The moment Simone Biles put her hands on the balance beam
The internet rang out with collective heartbreak today as Simone Biles put her hand down on the beam Monday while attempting to save her punch front landing. Let’s be clear: Simone Biles did not flop. She is still the best gymnast in the world. Period.
Still, bronze on balance beam isn’t where Biles hoped she’d end up, and it wasn’t where her fans hoped she’d end up either. And we’re bummed for her!
It was obvious from Biles’ reactions for the day that she wanted to be pleased, but as a reported perfectionist, it had to have been hard for her to see herself perform at less than her best, making one mistake in a strong routine. Her otherwise clean routine still managed to pull out 3rd place – a true testament to her ability and the strength of the rest of her routine. Here’s hoping she brings it for Floor tomorrow, where she reigns as current World Champ!

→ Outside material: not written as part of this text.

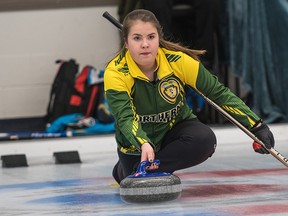 Under-18 curling champion Bella Croisier in action.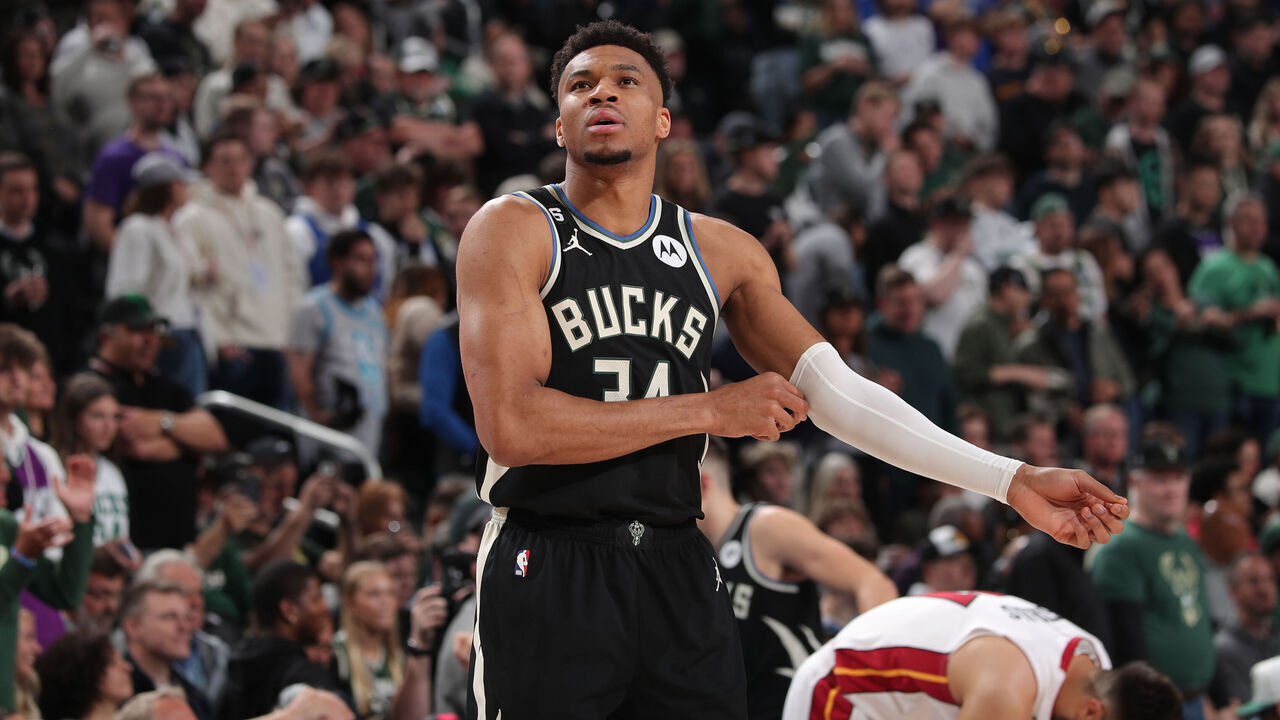 MILWAUKEE, WI - APRIL 16: Giannis Antetokounmpo #34 of the Milwaukee Bucks looks on before the game against the Miami Heat during Round One Game One of the 2023 NBA Playoffs on April 16, 2023 at the Fiserv Forum Center in Milwaukee, Wisconsin. Mandatory Copyright Notice: Copyright 2023 NBAE .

Mental Toughness & Consistency
Have we mentioned recently how important mental strength and consistency are in gymnastics? Especially on the balance beam? (Yeah. We thought so.)
Beam finals proved that the beam really does bite, and if you aren’t 100% focused, you won’t survive without a fall – or at least a few wobbles. From the best of the best in the world today, only a handful of gymnasts stayed on the beam and even fewer performed without major wobbles, forcing the question: was the pressure too great? Or was it really just an “off” day?
The conclusion of the both Men’s & Women’s Event Finals airs live on NBCOlympics.com at 1:00 PM EST Tuesday, August 16 including Women’s Floor Exercise where Simone Biles and Aly Raisman will take the floor to compete for Team USA!